What do you mean, ‘what day’? It was June 1990; I don’t know the exact day…
Dave, why do you want to know this?
“Well, we ordered cheeseburger subs from that place, and I’ve just realized that was the last time I ate meat.”
Well, thanks to the Internet, now it can be told. Dave last ate meat on June 25, 1990, the same day Romania eliminated Ireland on penalty kicks in the Round of 16. I remember quite a bit from that day, and that tournament. Not every group game was televised, on ESPN, but every knockout game was. For a soccer nut who was getting only the semi-finals and finals up to that point, this was Nirvana. At the time, I was 26 and working as city editor at a daily newspaper, which meant I didn’t go to work until 5 p.m. As Italy was 6 hours ahead I could get up and watch World Cup matches all day long before heading to the newsroom. Fabulous.

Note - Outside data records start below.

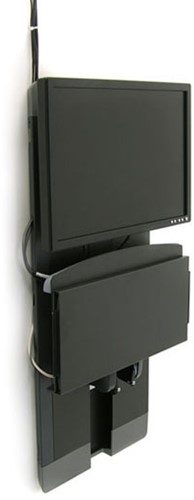 Ergotron StyleView® Vertical Lift, High Traffic Areas 61 cm (24") Zwart Muur-2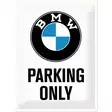 Peltikyltti BMW Parking 30 x 40cm - Taulut, kehykset - PELT323 - 1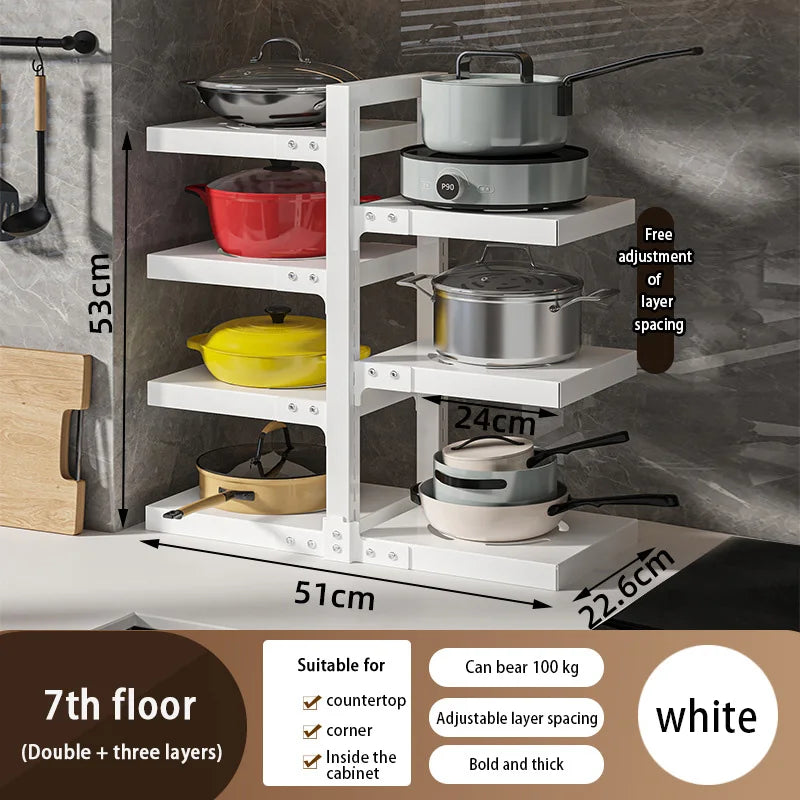 🖤 ORIO Metal Organizer Rack – Sleek, Strong & Stylish!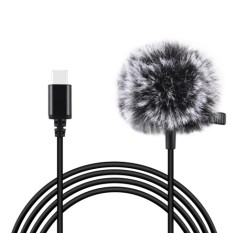 Microfon lavaliera Puluz PU425, 1.5m USB-C / Type-C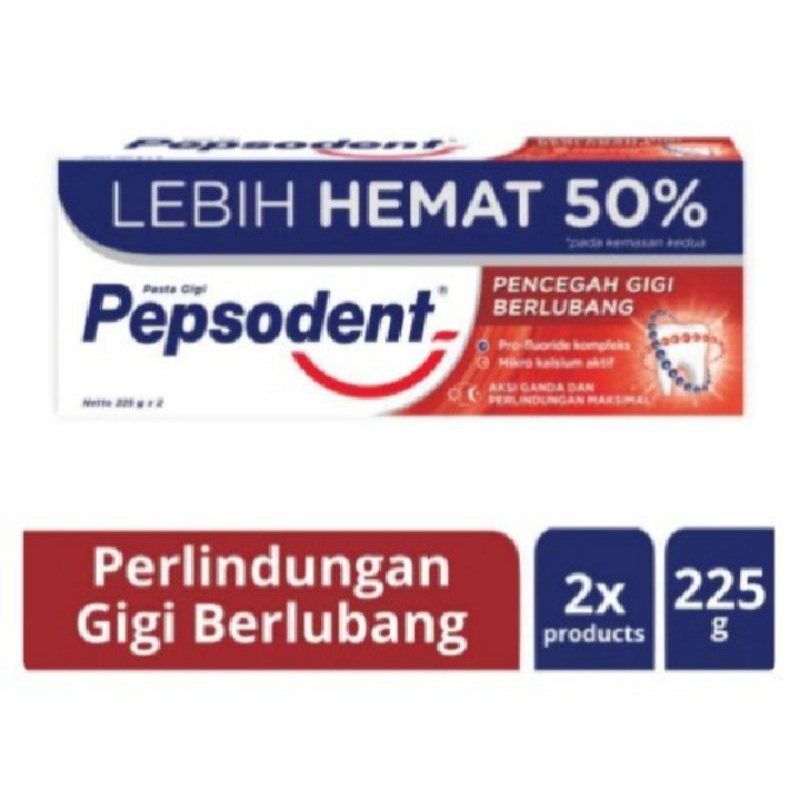 Pepsodent isi 2×225gr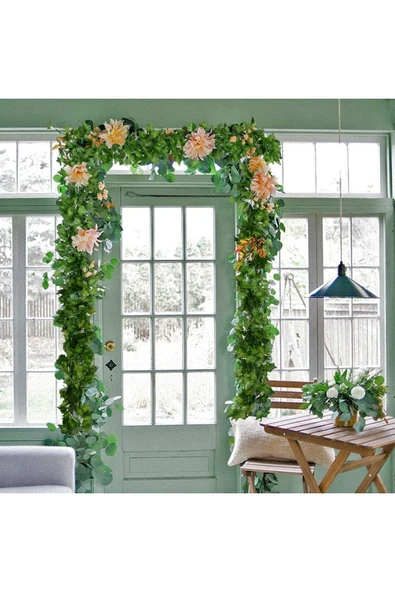 YAPAY ÇİÇEKÇİNİZ Yapay Sarmaşık 12'li Uzunluk 2 Metre 30 Cm - Resim 2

One more delicious note from 1990: “That place” was The International, a fabulous pizza and sub shop that delivered — and delivered to my address with great frequency. That same day that Dave at his parting cheeseburger sub, I was in the shower and he was in the kitchen doing something when the delivery guy, Ahmed, walked in without ringing the doorbell, as was his custom. I was a regular customer; we had an understanding. With Dave looking on, Ahmed proceeds to set the food on coffee table, sit himself down in front of the television set and take a hit off the bong that was a fixture on said coffee table in that apartment. Dave, who knew nothing of our understanding, was understandably taken aback and hid in the kitchen until I emerged from the bathroom. I’ve always loved that memory, and was only too happy to add the cheeseburger sub aspect.